Stephen Mangan has played a few literary characters in his time: Adrian Mole, Dirk Gently, Postman Pat (he’ll be on delivery in 2014, presumably when things have settled, post privatisation).

Bertie Wooster is probably closest to the latter.

“He is lovable partly because he is so benign,” says Mangan. “He is not nasty. He is not snobbish. He is just not very bright. But he has wonderful enthusiasm and a bouncebackability whatever happens to him.”

Mangan, as affable in person as on stage and on screen, is backstage at London’s Union Chapel. Sitting beside him is Matthew Macfadyen. The pair are preparing for a new theatre adaptation of PG Wodehouse’s rollicking Jeeves stories.

Convoluted plots are one reason the first stage attempt by Andrew Lloyd Webber and Alan Ayckbourn in the mid-1970s flopped (though a rewrite in the 1990s had more success).

So when Episodes and Green Wing star Mangan describes Perfect Nonsense as bewilderingly complex, Wodehousians might feel worried.

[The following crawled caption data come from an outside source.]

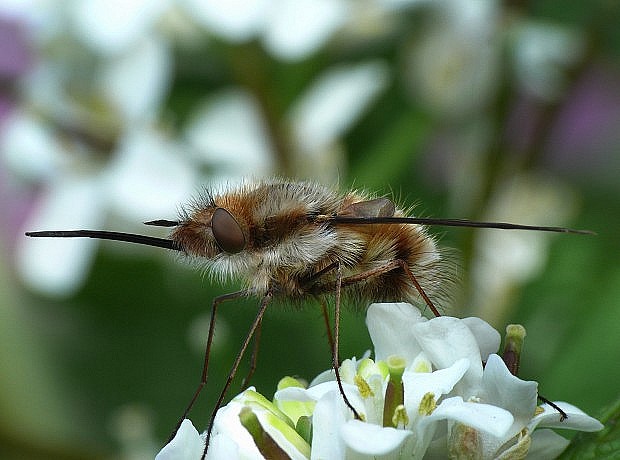 chlpačka veľká Bombylius major Linnaeus, 1758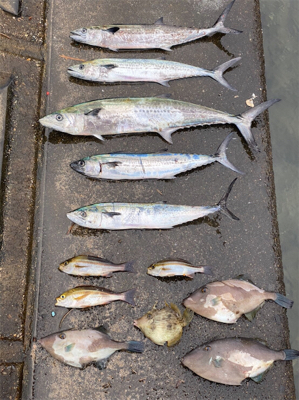 マイボートでナブラ撃ち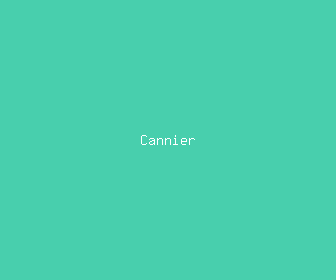 cannier meaning, definitions, synonyms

“Bewildering is the word rather than fun. There are so many characters. But we are currently trying to unpick it. You have to take it all apart and put it together again.”

Mangan’s last stage role in Birthday at the Royal Court Theatre involved giving birth on stage. He shouldn’t be phased by bringing together Robert and David Goodale’s script under the direction of Sean Foley, whose stage hit The Ladykillers is back in the West End.

Macfadyen, to many people still best known for stony-faced MI5 officer Tom Quinn in Spooks, plays Jeeves. With only three actors playing eight characters, plus numerous sets and costume changes, he says it is the most technical show he’s done.

“Not only are Jeeves and Bertie coping with telling the story, they are also coping with putting on a play to tell the story. They are making the sets, wheeling the sets, changing characters, trying to improvise the story with what’s to hand,” says Mac- fadyen.

It’s a play within a play, which begins with Bertie regaling a tale to his pals at The Drones Club. When they suggest he put on a play to tell his story, he hires a theatre.

Things get in a muddle when there is no one to play legendary literary heroes Gussie Fink-Nottle, Stiffy Byng and Roderick Spode. Naturally, in comes Jeeves – and for this show, his valeting colleague Seppings – to help.

“It is not just the story – it’s three people trying to tell the story, interact with the story, and this has never been done,” explains Mangan.

“It’s completely new. We are not trying to replicate the books in a straightforward way. That’s why it appealed.”

The Goodale brothers wrote mostly from The Code Of The Woosters (which introduced the cow creamer to a new generation), with bits cherry-picked from other books to make a sort of greatest hits. But it’s Wodehouse who provides the gags.

“There are more incredible lines per page than most writers manage in their whole career,” smiles Mangan.

“No one was better at constructing a funny sentence in the English language than PG Wodehouse. As much as possible they have left in his work wholesale, which is what is smart and why it works so well.”

Neither Mangan nor Macfadyen had read any Wodehouse before being offered the part.

“You hear everyone talking about him being the greatest comic writer in the English language and you think, ‘I must read him one day’,” reveals Mangan.

“Then you get this part and you think, ‘I must read him now’. I’ve been ploughing through them. They are just as good as everybody says.”

Much of the success comes down to Wodehouse’s prose. But he cleverly avoided mentioning the wars despite thrashing out the novels in the early 20th century. His is an idealised version of England.

“It is this eternal summer completely in a bubble, and that is why it was fantastic escapism. You disappear into this lovely golden world where the most serious thing that happens is Bertie might have to become engaged to a girl or Jeeves doesn’t want to wear a checked suit.”

As for the pair’s relationship, Macfadyen quotes Wodehouse.

“There is a sense of them being married. Bertie says it is two men of iron will living in close proximity to each other.”